I have a problem in my Kubernetes cluster, that suddendly appeared two weeks ago. The ClusterRoles I create are not visible when RBAC for a given ServiceAccount are resolved. Here is a minimal set to reproduce the problem.
Create relevant ClusterRole, ClusterRoleBinding and a ServiceAccount in the default
namespace to have the rights to see Endpoints with this SA.
# test.yaml
apiVersion: v1
kind: ServiceAccount
metadata:
name: test-sa
namespace: default
---
apiVersion: rbac.authorization.k8s.io/v1
kind: ClusterRole
metadata:
name: test-cr
rules:
- apiGroups: [""]
resources: ["endpoints"]
verbs: ["get", "list", "watch"]
---
apiVersion: rbac.authorization.k8s.io/v1
kind: ClusterRoleBinding
metadata:
name: test-crb
roleRef:
apiGroup: rbac.authorization.k8s.io
kind: ClusterRole
name: test-cr
subjects:
- kind: ServiceAccount
name: test-sa
namespace: default
$ kubectl apply -f test.yaml
serviceaccount/test-sa created
clusterrole.rbac.authorization.k8s.io/test-cr created
clusterrolebinding.rbac.authorization.k8s.io/test-crb created
All objects, in particular the ClusterRole, are visible if requested directly.

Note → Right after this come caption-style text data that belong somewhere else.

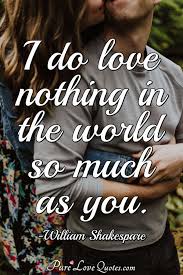 The great thing about love quotes is that they pack so much love in so few words. I Do Love Nothing In The World So Much As You Purelovequotes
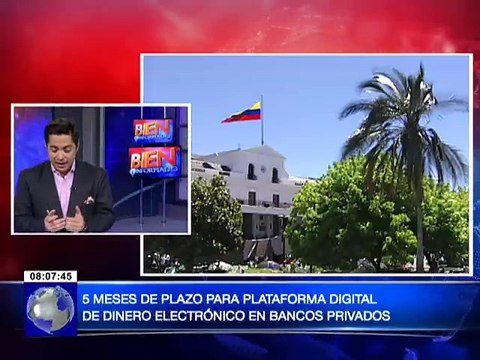 5 meses de plazo para plataforma digital de dinero electrónico en bancos privados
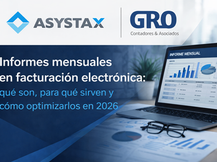 Informes mensuales en facturación electrónica: qué son, para qué sirven y cómo optimizarlos en 2026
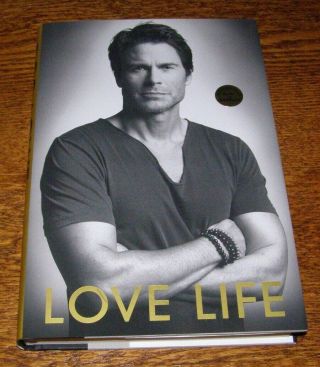 Book: " Love Life " Written & Autographed By Actor Rob Lowe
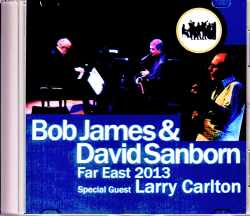 Bob James,David Sanborn,Larry Carlton ボブ・ジェームス デヴィッド・サンボーン/Tokyo,Japan 2013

$ kubectl get serviceaccount test-sa
NAME SECRETS AGE
test-sa 1 57s
$ kubectl get clusterrolebinding test-crb
NAME AGE
test-crb 115s
$ kubectl get clusterrole test-cr
NAME AGE
test-cr 2m19s
However, when I try to resolve the effective rights for this ServiceAccount, here the error I get back:
$ kubectl auth can-i get endpoints --as=system:serviceaccount:default:test-sa
no - RBAC: clusterrole.rbac.authorization.k8s.io "test-cr" not found
The RBAC rules created before the breakage are working properly. For instance, here for the ServiceAccount of my etcd-operator that I deployed with Helm several months ago:
$ kubectl auth can-i get endpoints --as=system:serviceaccount:etcd:etcd-etcd-operator-etcd-operator
yes
The version of Kubernetes in this cluster is the 1.17.0-0
.
I am also seeing very slow deployements lately of new Pods, that can take up to 5 mins to start to be deployed after they have been created by a StatefulSet or a Deployment, if this can help.
Do you have any insight of what is going on, or even what I could do about it? Please note that my Kubernetes cluster is managed, so I do not have any control on the underlying system, I just have the cluster-admin
privileges as a customer. But it would greatly help anyway if I could give any direction to the administrators.
Thanks in advance!
Thanks a lot for your answers!
It turned out that we will certainly never have the final world about what happen. The cluster provider just restarted the kube-apiserver, and this fixed the issue.
I suppose that something went wrong like caching or other transient failures, that can not be defined as a reproductible error.
To give a little more data for a future reader, the error occured on a Kubernetes cluster managed by OVH, and their specificity is to run the control plane itself as pods deployed in a master Kubernetes cluster on their side.